Potrebbe esservi un esecutivo di 14 donne su 15 come di 14 uomini su 15: fissare percentuali è solo un’operazione da specie in via di estinzione e soprattutto di immagine. Naturale che la faccia un venditore di pentole.
Alcune delle donne indicate (così come degli uomini peraltro) non hanno certo un curriculum adatto al ruolo o sono palesemente inadaguate.
Da genovesi ci permettiamo ricordare che Renzi ha scelto come ministro della Difesa una candidata a sindaco di Genova che alle primarie ha fatto solo terza (tra chi la conosce bene…)
Di 16 ministri 8 sono del Pd, 3 del Nuovo Centrodestra, uno di Scelta Civica, uno dell’Udc e tre “tecnici” (ai ministeri economici: Pier Carlo Padoan all’Economia, Giuliano Poletti al Lavoro e Federica Guidi allo Sviluppo Economico).

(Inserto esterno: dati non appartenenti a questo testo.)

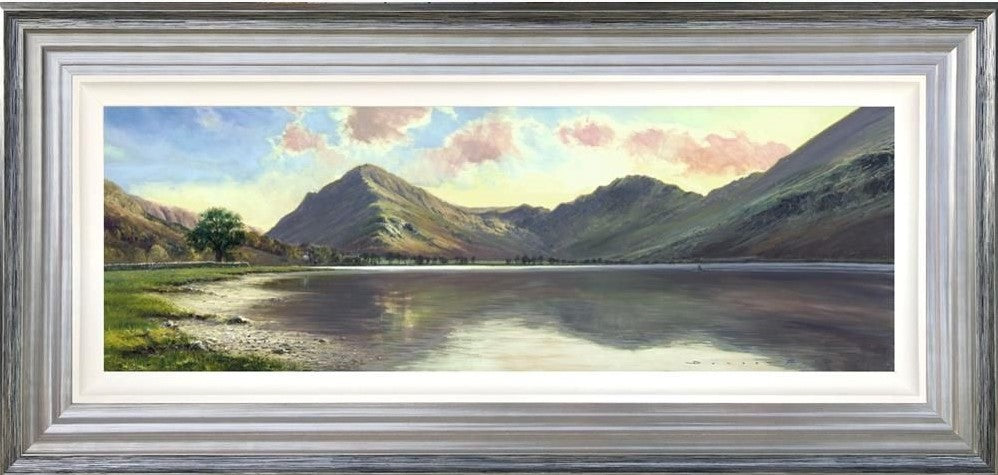 Lake District Splendour Framed Print on Board by Artist Duncan Palmer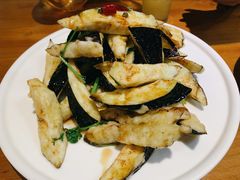 风味茄子-晚归月亮湾私家菜(临邑路店)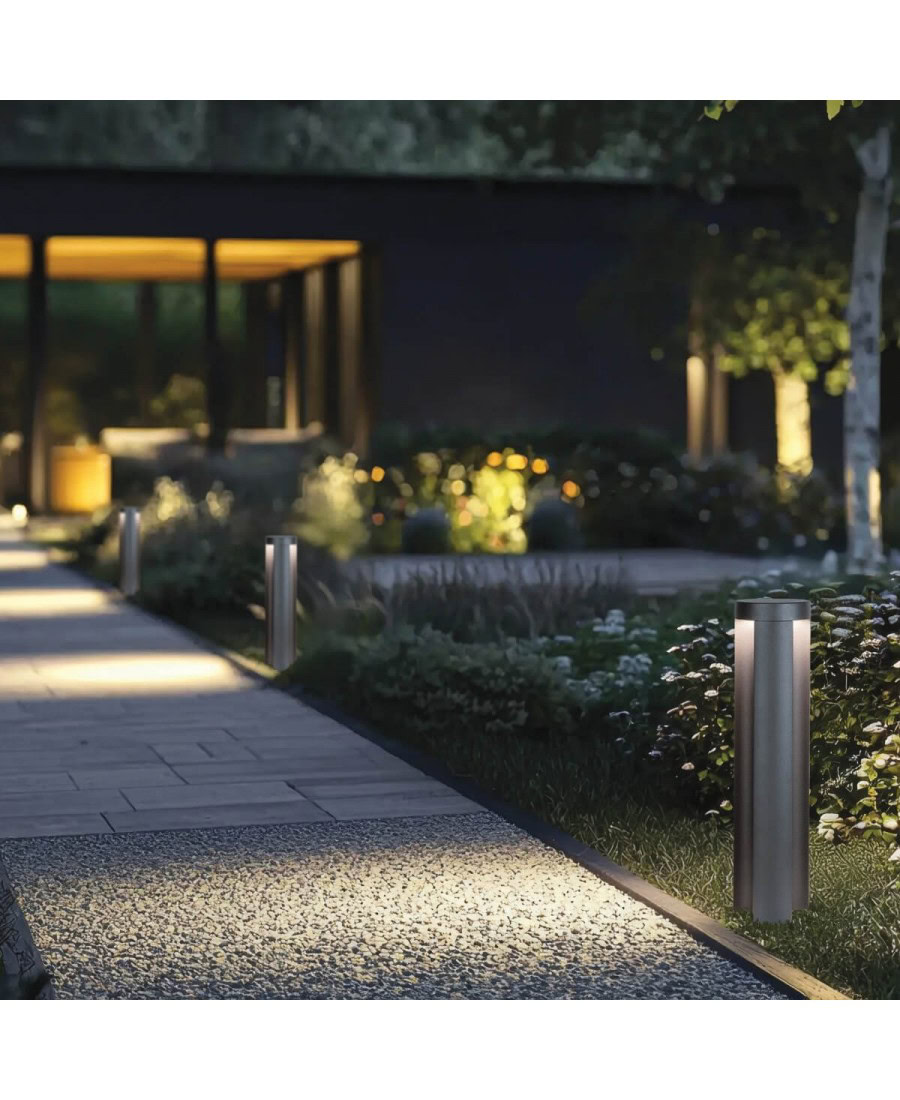 E132 OUTDOOR PILLAR LED 3X5W IP54 Zambelis Lights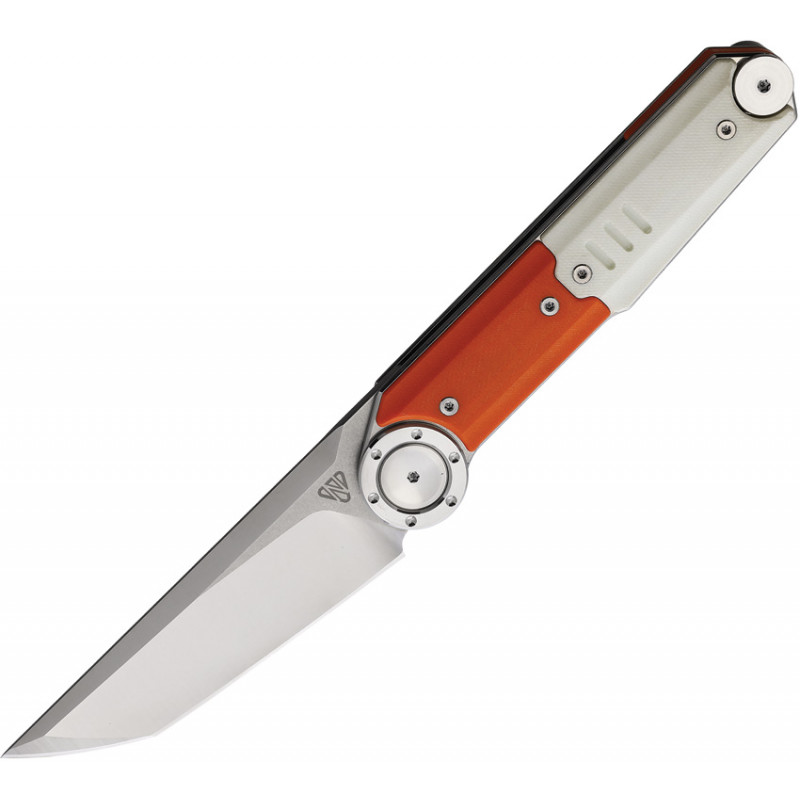 NOC DG23 Linerlock Org/White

Il secondo dato. Ci sono 9 conferme (su 18) rispetto al governo Letta: i tre del Nuovo Centrodestra e tre del Pd (Dario Franceschini, che passa dai Rapporti col Parlamento alla Cultura, lo stesso Orlando e Graziano Delrio, che dagli Affari regionali è il nuovo sottosegretario alla presidenza del Consiglio in pectore).
Vengono promossi dal ruolo di sottosegretario a quello di ministro Roberta Pinotti (Pd), Maurizio Martina (Pd, era allo Sviluppo e va all’Agricoltura) e Gianluca Galletti (Udc, era all’Istruzione e va all’Ambiente).
Le new entry a Palazzo Chigi, se si include anche il presidente del Consiglio, sono nove.
SECONDA OSSERVAZIONE
Renzi aveva promesso un “governo politico” e ci ritroviamo con 3 tecnici, aveva garantito l’abolizione del manuale Cencelli e abbiamo assistito alla lottizzazione tra partiti fino all’ultimo minuto, aveva straparlato di rinnovamento ma la metà esatta sono riciclati.
Per non dire che le new entry sono persone strettamente legate al suo carro e scelte persino tra quelle della sua ristretta segreteria: fosse stato un altro premier senza appoggi della grande stampa lo avrebbero spernacchiato.